Schulmanagement in Bildungsregionen

Kurzbeschreibung

Vor dem Hintergrund, dass gute Schule nur durch good goverance gelingen kann, durch eine Führung und ein Management im Mehrebenensystem, in dem die diversen beteiligten Akteure zusammenarbeiten und ihre Handlungen für eine systemische Schulentwicklung koordinieren, verfolgt die Robert Bosch Stiftung das Ziel, die Weiterentwicklung und Verankerung innovativen Schulmanagements zu fördern. Dazu wurden in zwei Bildungsregionen in Baden-Württemberg, nämlich Freiburg und Ravensburg, 24 Schulen für ein Modellprojekt ausgewählt und über zwei Jahre hinweg begleitet.

Das Projekt wird durch das IBB wissenschaftlich evaluiert. Die Evaluation des Programms besteht aus zwei Teilen: einer Prozessevaluation (formativen Evaluation) und einer Wirkungsevaluation (summativen Evaluation). Während der Fokus der Wirkungsevaluation auf der wissenschaftlichen Überprüfung der Wirkung des Programms (Wirksamkeit und Nachhaltigkeit der Programmzielerreichung, sprich Ergebnisse) liegt, werden in der Prozessevaluation die Akteure der Projekte des Programms prozesshaft bzw. kontinuierlich evaluativ begleitet. Zentrales Ziel der Evaluation ist, aus den Ergebnissen Handlungsempfehlungen abzuleiten, die für den Transfer des Programms in weitere Bildungsregionen und für die Weiterentwicklung des Programms genutzt werden können.

Hintergrund

Vor dem Hintergrund, dass gute Schule nur durch good goverance gelingen kann, durch eine Führung und ein Management im Mehrebenensystem, in dem die diversen beteiligten Akteure zusammenarbeiten und ihre Handlungen für eine systemische Schulentwicklung koordinieren, verfolgt die Robert Bosch Stiftung das Ziel, die Weiterentwicklung und Verankerung innovativen Schulmanagements zu fördern.
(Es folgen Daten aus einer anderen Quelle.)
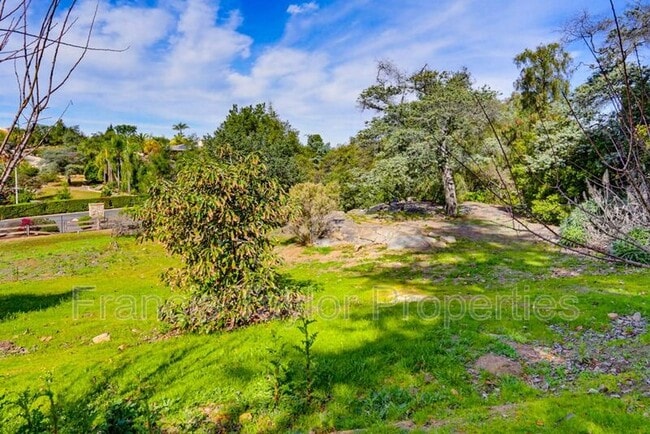 Building Photo - 29059 Meadow Glen Way W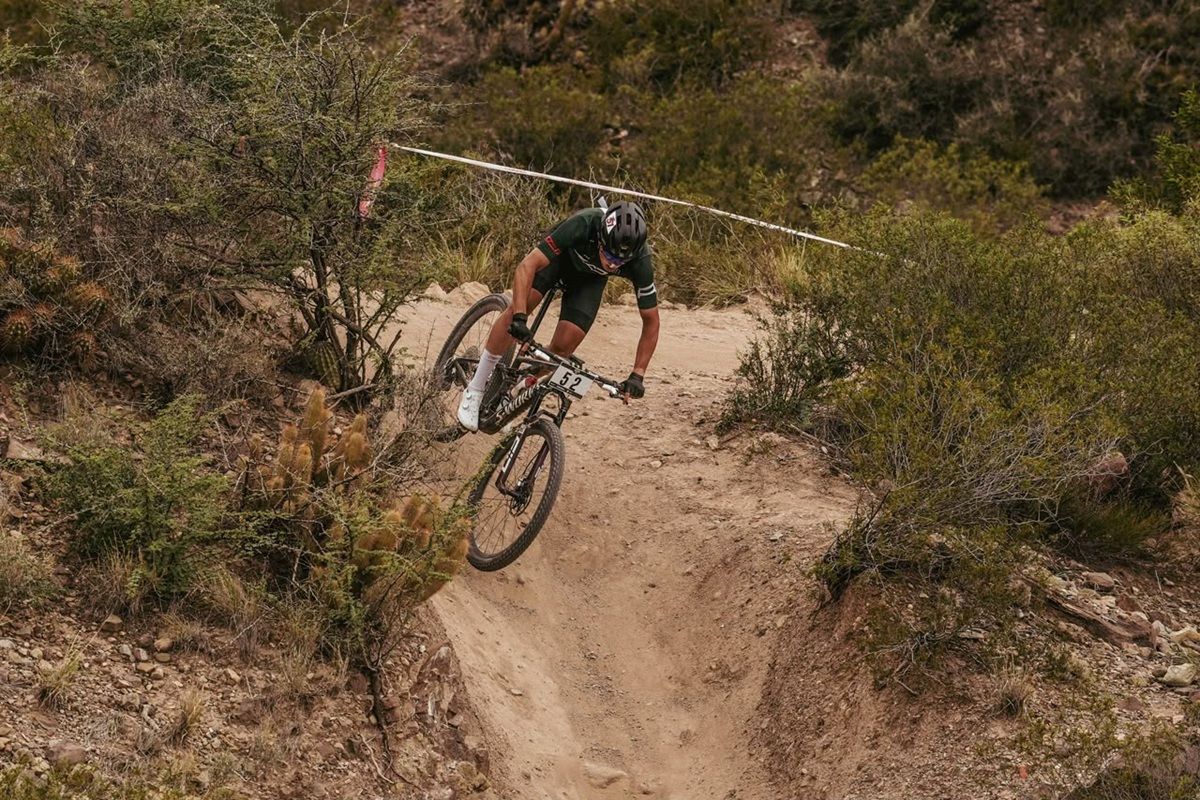 ADRENALINA. Facundo Cayata desciende a toda velocidad por un tramo técnico de mountain bike, una especialidad en la que este año se consagró campeón argentino Sub-23.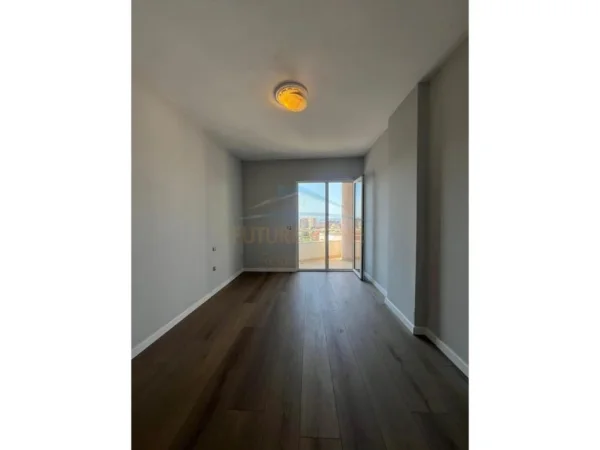Tirane, shitet apartament 2+1 Kati 4, 119 m² 143.000 €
Dazu wurden in zwei Bildungsregionen in Baden-Württemberg, nämlich Freiburg und Ravensburg, 24 Schulen für ein Modellprojekt ausgewählt und über zwei Jahre hinweg begleitet.
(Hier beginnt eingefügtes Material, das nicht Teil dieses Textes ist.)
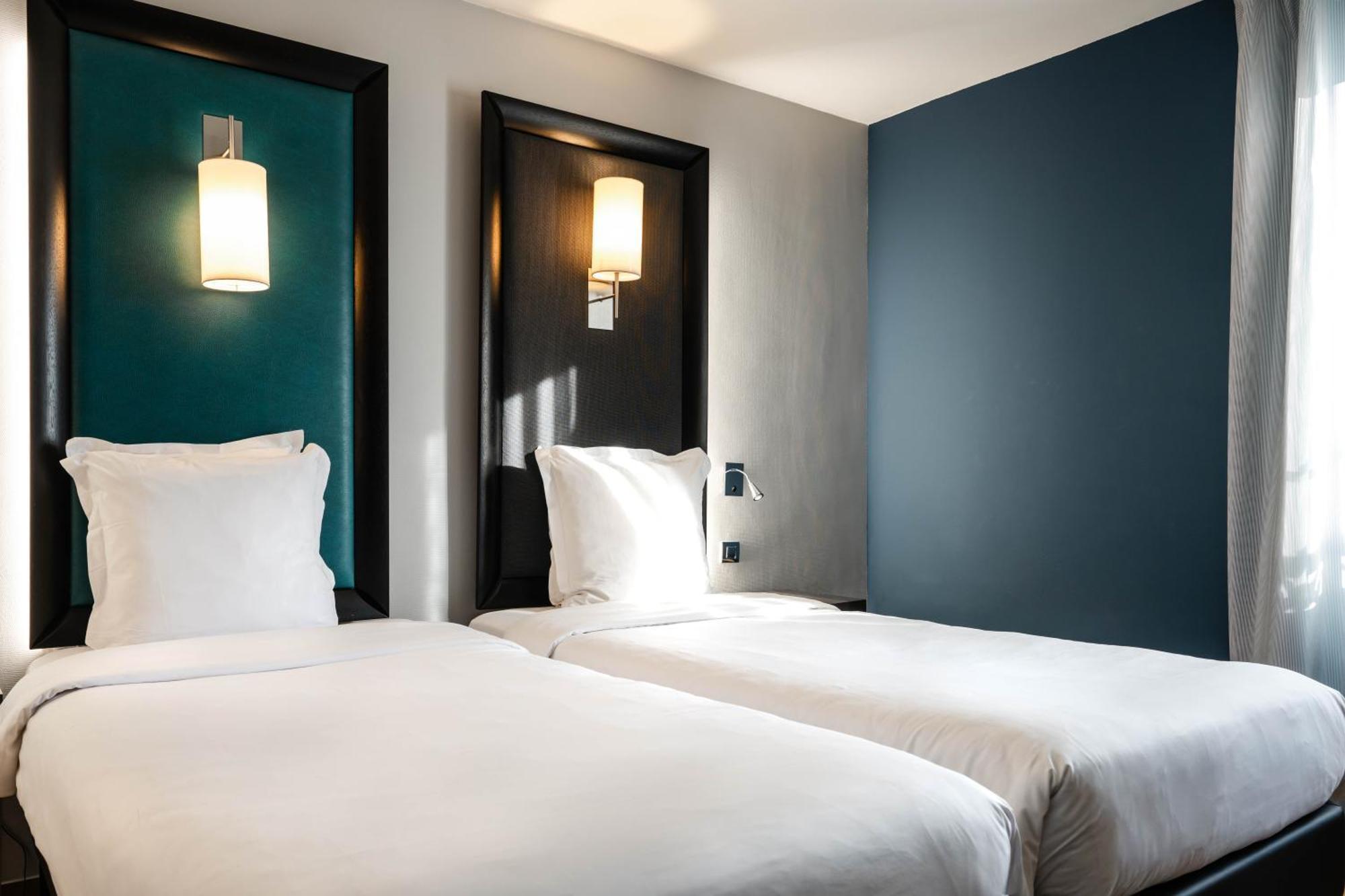 Twin Superior Room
Als relevante Akteure stehen hier die Vertreter/innen der Schulleitungsteams, der Schulaufsicht/Schulverwaltung, des Schulträgers, die Fachberater/innen für Schulentwicklung sowie die regionalen Bildungsbüros im Zentrum. Weiterhin wesentlich ist das Pilotprojekt, das jede Schule entwickelt und über die Projektlaufzeit (2011-2013) umsetzt.

Ziel

Das Projekt „Schulmanagement in Bildungsregionen“ wird wissenschaftlich evaluiert. Die Evaluation des Programms besteht aus zwei Teilen: einer Prozessevaluation (formativen Evaluation) und einer Wirkungsevaluation (summativen Evaluation). Während der Fokus der Wirkungsevaluation auf der wissenschaftlichen Überprüfung der Wirkung des Programms (Wirksamkeit und Nachhaltigkeit der Programmzielerreichung, sprich Ergebnisse) liegt, werden in der Prozessevaluation die Akteure der Projekte des Programms prozesshaft bzw. kontinuierlich evaluativ begleitet.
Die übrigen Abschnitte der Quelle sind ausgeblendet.